Audio Tools API (by Nobz)

This repository provides a small, self-contained Flask-based API exposing three audio tools useful for building audio applications:

Audio analysis (tempo/BPM and musical key detection)
Audio format conversion (MP3, WAV, FLAC)
Stem separation (vocals, drums, bass, melody) using Demucs

This project is intended to be an open-source developer-focused API that other applications can call to integrate audio processing features. Anyone may download, modify, and redistribute this code according to the license (see the License section).

Contents

Overview
Requirements
Quick start (macOS / Linux)
Configuration
Running the API
Endpoints and examples
File lifecycle and cleanup
Development notes and recommendations
Troubleshooting
Security considerations
Contributing and License

Overview

The codebase is organized with a clear separation of concerns:

app.py — Main Flask application that registers routes and blueprints.
routes/audio.py — Blueprint exposing the HTTP API endpoints for audio tools.
services.py — Service-layer helpers and higher-level wrappers.
utils.py — File I/O, audio analysis, FFmpeg-based conversion, health checks.
config.py — Basic runtime configuration (upload and converted folders).

Requirements

Python dependencies are listed in requirements.txt. This project also depends on system tools:

Python 3.11.13 (must be this version, for now)
System ffmpeg (install via brew install ffmpeg on macOS)
Demucs (either Python package or CLI; see notes below)
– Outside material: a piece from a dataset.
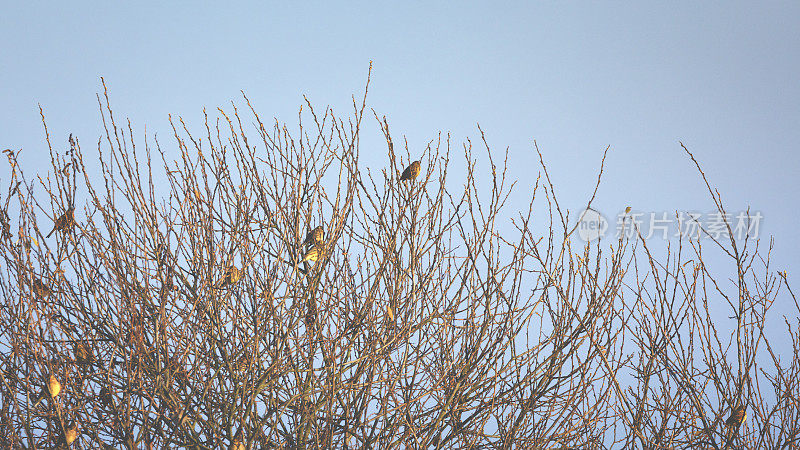 一群小鸟冬天坐在树枝上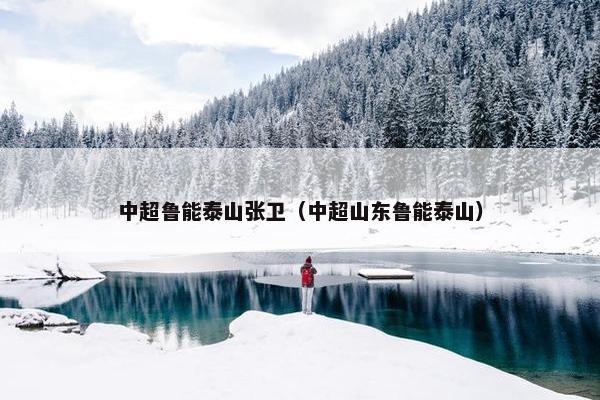 中超鲁能泰山张卫（中超山东鲁能泰山）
Note on PyTorch and Demucs:

demucs and torch may require platform-specific wheels. On macOS, you may want to install a compatible PyTorch wheel for CPU or MPS. If you plan to run stem separation locally, follow Demucs and PyTorch install instructions for your platform.

Quick start (macOS / Linux)

Clone the repository:

git clone https://github.com/nobz226/audio-tools-API.git
cd repo

Create and activate a virtual environment:

python -m venv venv
source venv/bin/activate

Install Python dependencies:

pip install -r requirements.txt

Install system dependencies (macOS example):

# install ffmpeg
brew install ffmpeg

# optional: follow Demucs installation docs; you can install the demucs pip package
pip install demucs

Start the API:

python app.py

By default the Flask app in this repository runs with app.run(..., port=5002); the server will listen on port 5002 when started this way.

Configuration

Basic runtime settings are in config.py:

UPLOAD_FOLDER — where uploaded files are saved (default: static/uploads)
CONVERTED_FOLDER — where converted or generated files are stored (default: static/converted)
SESSION_TIMEOUT — session timeout value used by the original app (may be unused in the stripped API)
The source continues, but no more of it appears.